## Calculus (3rd Edition)

$$-5 \leq x\leq-3$$
Given $$\sum_{n=2}^{\infty} \frac{(x+4)^{n}}{(n \ln n)^{2}}$$ Since $a_n = \frac{(x+4)^{n}}{(n \ln n)^{2}}$ and $a_{n+1} = \frac{(x+4)^{n+1}}{((n+1) \ln (n+1))^{2}}$, then \begin{aligned} \rho&=\lim _{n \rightarrow \infty}\left|\frac{a_{n+1}}{a_{n}}\right|\\ &=\lim _{n \rightarrow \infty}\left|\frac{(x+4)^{n+1}}{((n+1) \ln (n+1))^{2}} \frac{(n \ln n)^{2}}{(x+4)^{n}} \right|\\ &=|(x+4)| \lim _{n \rightarrow \infty}\left(\frac{n}{n+1}\right)^{2} \lim _{n \rightarrow \infty}\left(\frac{\ln n}{\ln (n+1)}\right)^{2}\\ &= |(x+4)| \left( \lim _{n \rightarrow \infty}\frac{n}{n+1}\right)^{2}\left( \lim _{n \rightarrow \infty}\frac{\ln n}{\ln (n+1)}\right)^{2}\\ &= |(x+4)| \left( \lim _{n \rightarrow \infty}\frac{1/n}{1/(n+1)}\right)^{2}\\ &= |(x+4)| \end{aligned} Then the series converges for $$|x+4|\lt 1 \ \to -5 \lt x\lt-3$$ Now, we check the end points.

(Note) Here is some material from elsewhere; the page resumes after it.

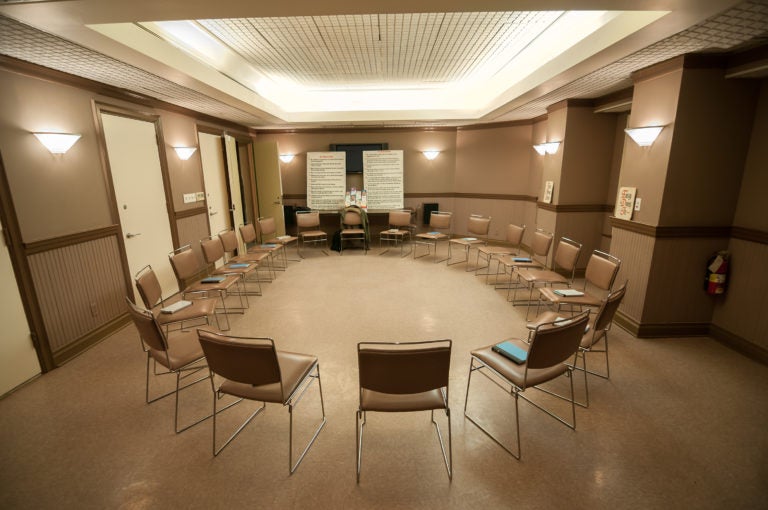 12 step recovery meeting room with chairs and signs. (Bigstock/blueskies9)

For $x= -5$ $$\sum_{n=2}^{\infty} \frac{(x+4)^{n}}{(n \ln n)^{2}}=\sum_{n=1}^{\infty}\frac{(-1)^n}{(n \ln n)^{2}}$$ which is an alternating series with $\lim_{n\to \infty} a_n =0$, which converges. For $x= -3$ $$\sum_{n=2}^{\infty} \frac{(x+4)^{n}}{(n \ln n)^{2}}=\sum_{n=1}^{\infty}\frac{(-1)^n}{(n \ln n)^{2}}$$ which is convergent by the integral test. Hence, the interval of convergence is $$-5 \leq x\leq-3$$